The complainant thirdly argued that the evaluation by the evaluation committee was not correct. This argument is based on an interpretation by the complainant of the points the evaluation committee awarded to its offer for certain sub-criteria. It should be underlined in this regard that the evaluation and the marking of the six tenders were made on a comparative basis and that analysing whether the evaluation was incorrect would require an in-depth analysis of all the tenders and of the marks attributed to each of them. Parliament and, more particularly, the evaluation committee in the present case, have however a broad discretion with regard to the factors to be taken into account for the purpose of deciding to award a contract following an invitation to tender. Further, review by the Court must be limited to checking that the rules governing the procedure and statement of reasons are complied with, the facts are correct and there is no manifest error of assessment or misuse of powers(11). The Ombudsman considers that he should apply similar standards and that his review should therefore be limited, as regards the present context, to examining whether there was a manifest error of assessment. The Ombudsman has examined the evaluation chart concerning the complainant's offer and its comments thereon. These comments reflect the complainant's personal interpretation of the evaluation carried out by the evaluation committee. However, from the Ombudsman's examination, there would appear to be no elements suggesting that a manifest error occurred in the evaluation of the complainant's tender.

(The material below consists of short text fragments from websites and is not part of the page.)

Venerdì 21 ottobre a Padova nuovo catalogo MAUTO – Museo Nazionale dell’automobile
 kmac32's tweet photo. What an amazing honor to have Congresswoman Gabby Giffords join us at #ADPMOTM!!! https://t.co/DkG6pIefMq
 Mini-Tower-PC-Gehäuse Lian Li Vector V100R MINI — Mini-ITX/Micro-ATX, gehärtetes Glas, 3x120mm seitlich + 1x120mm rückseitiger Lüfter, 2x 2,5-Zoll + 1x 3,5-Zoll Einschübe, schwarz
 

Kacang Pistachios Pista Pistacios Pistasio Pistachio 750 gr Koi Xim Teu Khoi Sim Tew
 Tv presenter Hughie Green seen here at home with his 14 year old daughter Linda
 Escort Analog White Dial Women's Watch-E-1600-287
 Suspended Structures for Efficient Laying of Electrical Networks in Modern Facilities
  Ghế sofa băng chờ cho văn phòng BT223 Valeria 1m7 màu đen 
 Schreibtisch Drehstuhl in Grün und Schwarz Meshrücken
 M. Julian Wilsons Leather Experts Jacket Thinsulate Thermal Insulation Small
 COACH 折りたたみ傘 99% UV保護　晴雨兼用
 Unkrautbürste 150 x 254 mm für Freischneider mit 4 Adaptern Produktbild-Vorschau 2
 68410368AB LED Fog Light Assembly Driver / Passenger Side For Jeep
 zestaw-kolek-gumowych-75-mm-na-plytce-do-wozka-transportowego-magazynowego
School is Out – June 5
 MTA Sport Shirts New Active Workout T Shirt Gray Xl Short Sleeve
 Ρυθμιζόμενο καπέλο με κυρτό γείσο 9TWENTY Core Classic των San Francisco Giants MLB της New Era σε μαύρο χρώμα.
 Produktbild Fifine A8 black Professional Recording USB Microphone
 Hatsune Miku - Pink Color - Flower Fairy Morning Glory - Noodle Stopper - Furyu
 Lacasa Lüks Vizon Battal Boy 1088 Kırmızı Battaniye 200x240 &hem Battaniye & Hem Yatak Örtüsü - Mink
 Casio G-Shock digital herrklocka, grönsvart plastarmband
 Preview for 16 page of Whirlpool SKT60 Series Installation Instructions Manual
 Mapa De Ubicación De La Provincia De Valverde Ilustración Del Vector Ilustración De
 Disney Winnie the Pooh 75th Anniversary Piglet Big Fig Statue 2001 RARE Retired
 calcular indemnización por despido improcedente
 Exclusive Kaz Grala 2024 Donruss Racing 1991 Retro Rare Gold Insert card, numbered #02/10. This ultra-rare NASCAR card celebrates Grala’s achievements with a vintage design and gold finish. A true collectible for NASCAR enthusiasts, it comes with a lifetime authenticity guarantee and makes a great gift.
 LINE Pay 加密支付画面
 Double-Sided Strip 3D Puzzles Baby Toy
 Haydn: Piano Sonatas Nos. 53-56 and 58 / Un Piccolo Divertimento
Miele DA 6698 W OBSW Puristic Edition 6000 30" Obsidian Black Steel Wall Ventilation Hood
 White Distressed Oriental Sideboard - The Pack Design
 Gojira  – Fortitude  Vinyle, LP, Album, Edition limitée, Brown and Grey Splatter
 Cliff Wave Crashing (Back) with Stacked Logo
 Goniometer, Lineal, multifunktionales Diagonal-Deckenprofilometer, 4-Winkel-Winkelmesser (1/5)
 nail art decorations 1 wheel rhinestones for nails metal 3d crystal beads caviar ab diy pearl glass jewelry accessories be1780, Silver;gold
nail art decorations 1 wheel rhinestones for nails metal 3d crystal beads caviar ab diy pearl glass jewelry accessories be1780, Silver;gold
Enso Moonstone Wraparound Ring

The Ombudsman would finally like to point out that the mere fact that the complainant had been managing Parliament's Eastman Crèche for 13 years was neither (i) a guarantee that it would automatically be awarded the management of the Wayenberg Crèche nor (ii) an indication that the award of the management to another firm would be illegal. On the basis of these considerations, there appear to be no grounds for an inquiry in the complainant's allegation that the contract was awarded illegally to the successful firm.
1.8 Finally, in its observations, the complainant alleged that Parliament accused it of publicly making threats to Parliament and the firm R. The Ombudsman notes that the document to which Parliament referred to as proof was a staff meeting report dated 22 May 2006. Given that this meeting took place seven months after the contract had been awarded to the successful firm, the information contained in the report could not possibly have played a role in the evaluation of the complainant's tender. Given further that, as the complainant itself pointed out, this issue had nothing to do with its complaint and that asking Parliament for a new opinion on these allegations would further delay the decision on the original complaint, the Ombudsman does not consider it appropriate to conduct further inquiries into this matter. Nor does it appear necessary to investigate the other issues raised by the complainant concerning how Parliament obtained that report. However, the complainant obviously has the possibility to lodge a new complaint with regard to this issue, after having made the appropriate prior administrative approaches to Parliament.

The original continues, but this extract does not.